*TASK OBJECTIVE*. Copy, word for word, the lines of the entries below between the one with "July Detail Long" and the one with "CHRISTIAN PEAU Lizard", inclusive, and leave out everything else.

*INFORMATION*.
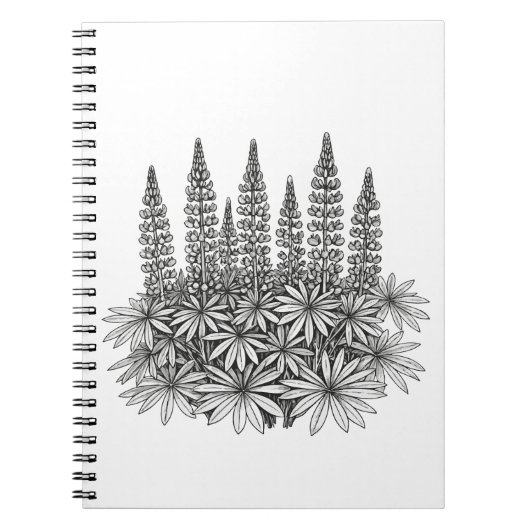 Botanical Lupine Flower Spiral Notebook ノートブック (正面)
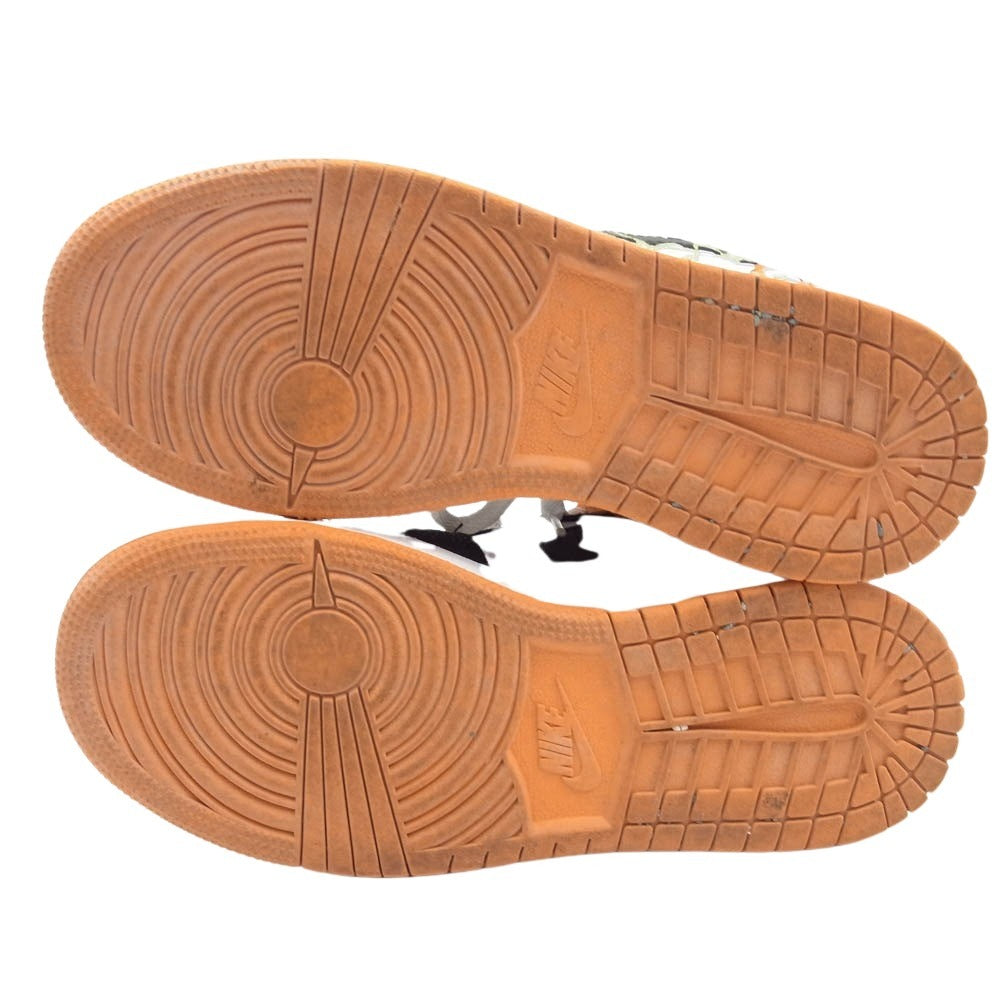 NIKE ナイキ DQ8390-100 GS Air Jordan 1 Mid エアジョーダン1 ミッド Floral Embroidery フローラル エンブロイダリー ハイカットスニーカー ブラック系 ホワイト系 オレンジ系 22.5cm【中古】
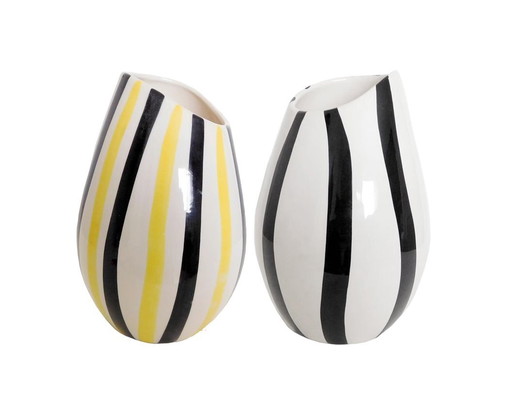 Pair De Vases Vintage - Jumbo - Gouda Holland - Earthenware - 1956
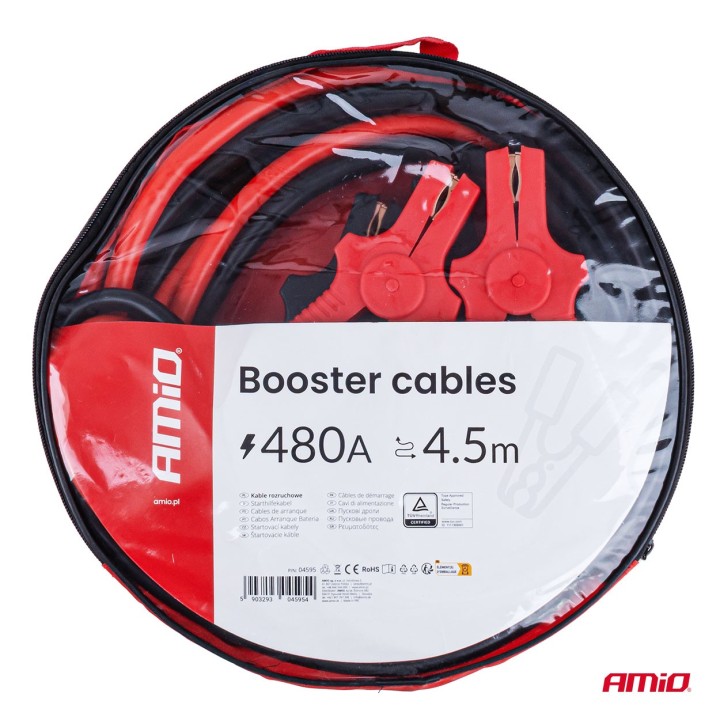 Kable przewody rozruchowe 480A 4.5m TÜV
...
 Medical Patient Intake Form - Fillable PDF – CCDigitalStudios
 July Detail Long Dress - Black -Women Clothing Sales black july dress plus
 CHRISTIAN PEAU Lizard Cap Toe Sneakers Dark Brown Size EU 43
...
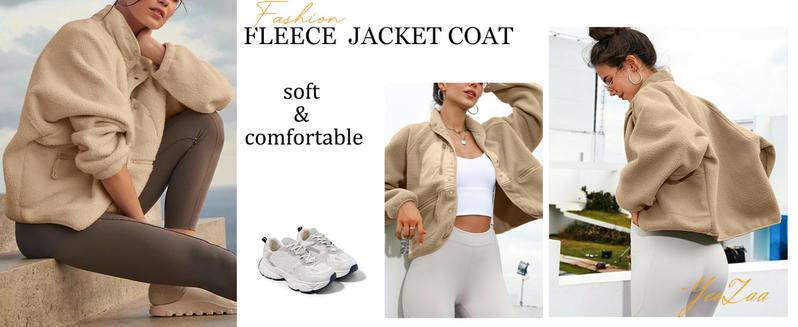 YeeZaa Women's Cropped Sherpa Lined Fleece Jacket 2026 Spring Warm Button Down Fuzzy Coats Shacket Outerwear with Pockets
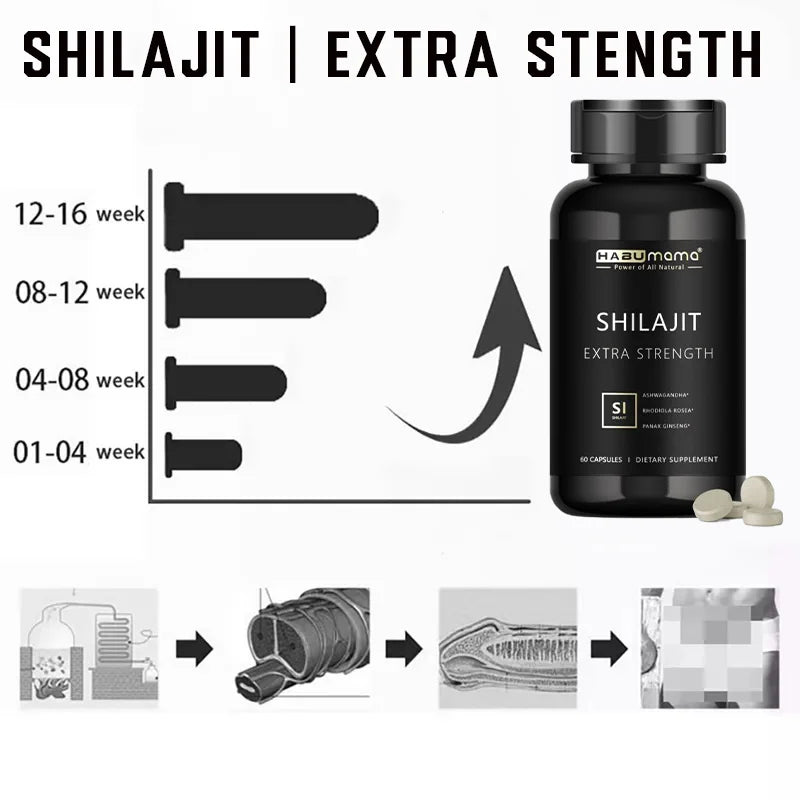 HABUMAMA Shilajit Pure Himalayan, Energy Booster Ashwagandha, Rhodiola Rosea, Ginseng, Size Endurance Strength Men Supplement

*SOLUTION BELOW*.
 July Detail Long Dress - Black -Women Clothing Sales black july dress plus
 CHRISTIAN PEAU Lizard Cap Toe Sneakers Dark Brown Size EU 43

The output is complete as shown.